A few gold sequins on the front steps. That’s all that remains of her. Everything  else was here before she came: A book of children’s rhymes. A box of crayons. A deck of cards.  

She spilled the sequins her last time out the door. Her arms were full and she knocked a plastic box of the tiny gold things to the ground,  bent down, scooped them up, recovered most, but not all.  A few dozen remain, shimmering in the sunlight, drawing the eye. I haven’t swept them up and I don’t plan to . Every time I open the door, I see them and smile. 

It’s seems fitting that sparkling things are what Xena left behind.  For I  know that the world shimmered and sparkled when she was here. There’s a children’s song that Shirley Temple sings in one of her old movies. “An ordinary day becomes a holiday, when I’m with you.”   That song reminds me of Xena. 

A 12-year-old and a 51-year-old. What could we possibly have in common? What would we do together for seven whole weeks?  That’s what her friends asked her and that’s what my friends asked me. 

“I don’t like being 12,”  she confessed on the telephone a few days before she  arrived.  “I’m too old to do the things the little kids do and when I do everyone says, ‘You need to act your age, Xena.’ And when I try to act my age, they say, ‘Don’t be in such a hurry to grow up, Xena.’”
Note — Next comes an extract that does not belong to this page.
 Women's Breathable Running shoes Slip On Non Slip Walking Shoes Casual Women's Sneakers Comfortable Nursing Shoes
“I  sort of know how you feel,” I told her. “I think I feel the same way. Too old to be young, but too young to be old.” 

“Exactly,” she replied. 

Mutt and Jeff . Felix and Oscar.  Jack Sprat and his wife. I guess we made as odd a pair but it never felt odd, or strained or uncomfortable. Not for a second. Xena was my  excuse for eating chocolate chip pancakes every morning and driving to the Dairy Barn every afternoon and keeping the candy jar full and bringing the library books back on time and playing cards and painting my toenails in a rainbow of colors and going for long walks and singing silly songs and just sitting and listening to her or watching her swim or reading to her. 

And maybe I was Xena’s excuse, too, for being read to, for liking the Boston Pops, for enjoying books on tape – and we played them every time we were in the car -  for listening to show music, for sitting through half a dozen old movies and just as many plays, for going to church and to restaurants, for doing so many adult things. 
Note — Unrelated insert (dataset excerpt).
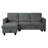 Nova 82.5" Dark Gray Velvet Reversible Sleeper Sectional Sofa With Storage Chaise-1117796241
“Are you bored yet?” I would call out from my office every day. 

“No, I’m not bored,” she’d say. “I have a dollhouse to decorate” or “I have a jewelry box to make” or  “I have my reading and lots of cartoons I can watch.”

Sometimes she’d come into my office and sit on the floor and watch as I wrote. 

“You must be bored now,” I’d say.

“No. I just like being with you, Beverly.”

Imagine that. She just liked being with me. 

And I loved being with her. It’s that simple.  She made even trips to Shaws enjoyable and that’s pretty hard to do. All the ordinary, every day things -  setting the table, emptying the dishwasher, folding the laundry, going to the post office and to the bank, waiting at the doctor’s, walking to the corner store – these were things we did together, so they were no longer dreaded chores. 

In the car driving Xena home, I turned to her and asked, “So what was your ,favorite thing you did at my house? What are you going to remember most about this summer.”

“You mean besides being with you?” 

I nodded and she paused and thought for a moment. “I liked the Boston Pops the best. The Fourth of July one.”  

Her mother calls Xena an old soul. Her teacher wrote in his end of the year report that “Xena has a moral intelligence and understanding heart which the world so badly needs.”

Perhaps she is an old soul, the gold on the front steps not sequins at all, just a few pieces of her heart that she left behind.